Boeing B-52H-170-BW Stratofortress 61-023, "Ten-Twenty-Three", after losing the vertical fin, 10 January 1964. (Boeing)
Boeing B-52H-170-BW Stratofortress 61-023, “Ten-Twenty-Three”, after losing the vertical fin, 10 January 1964. (Boeing)

61-023 was repaired and returned to service. It remained active with the United States Air Force until it was placed in storage at Tinker Air Force Base, Oklahoma, 24 July 2008.

Charles F. Fisher and the Boeing test crew with B-52H Stratofortress 61-023. (Boeing)
Charles F. Fisher at left,  and the Boeing test crew with B-52H Stratofortress 61-023. (Boeing)

The B-52H is a sub-sonic, swept wing, long-range strategic bomber. It has a crew of five.

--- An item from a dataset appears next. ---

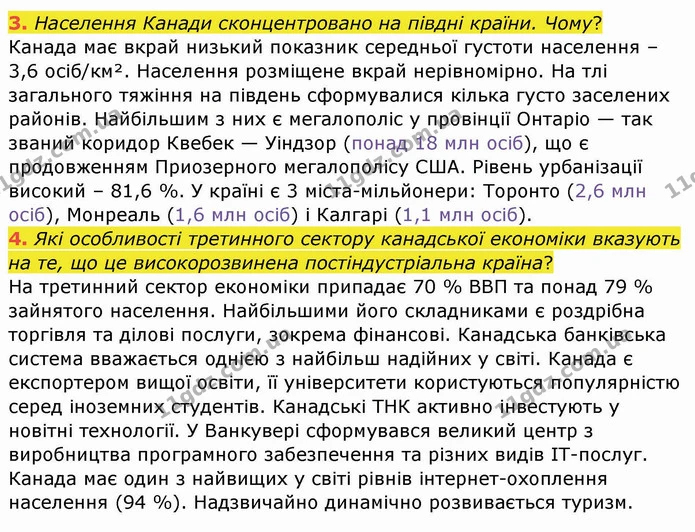 3. Населення Канади сконцентровано на півдні країни. Чому? — ГДЗ Географія 10 клас Бойко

The airplane is 159 feet, 4 inches (48.6 meters) long, with a wing span of 185 feet (56.4 meters). It is 40 feet, 8 inches (12.4 meters) high to the top of the vertical fin. Maximum Takeoff Weight (MTOW) is 488,000 pounds (221,353 kilograms).

There are eight Pratt & Whitney TF33-PW-3 turbofan engines mounted in two-engine pods suspended under the wings on four pylons. Each engine produces a maximum of 17,000 pounds of thrust (75.620 kilonewtons). The TF-33 is a two-spool axial-flow turbofan engine with 2 fan stages, 14-stage compressor stages (7 stage intermediate pressure, 7 stage high-pressure) and and 4-stage turbine (1 stage high-pressure, 3-stage low-pressure). The engine is 11 feet, 10 inches (3.607 meters) long, 4 feet, 5.0 inches (1.346 meters) in diameter and weighs 3,900 pounds (15,377 kilograms).

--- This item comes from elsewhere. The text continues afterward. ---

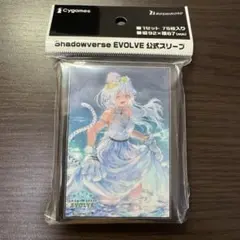 2025年最新】ラティカ スリーブの人気アイテム - メルカリ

The B-52H can carry approximately 70,000 pounds (31,750 kilograms) of ordnance, including free-fall bombs, precision-guided bombs, thermonuclear bombs and cruise missiles, naval mines and anti-ship missiles.

The bomber’s cruise speed is 520 miles per hour (837 kilometers per hour) and its maximum speed is 650 miles per hour (1,046 kilometers per hour) at 23,800 feet (7,254 meters) at a combat weight of 306,350 pounds. Its service ceiling is 47,700 feet (14,539 meters) at the same combat weight. The unrefueled range is 8,000 miles (12,875 kilometers).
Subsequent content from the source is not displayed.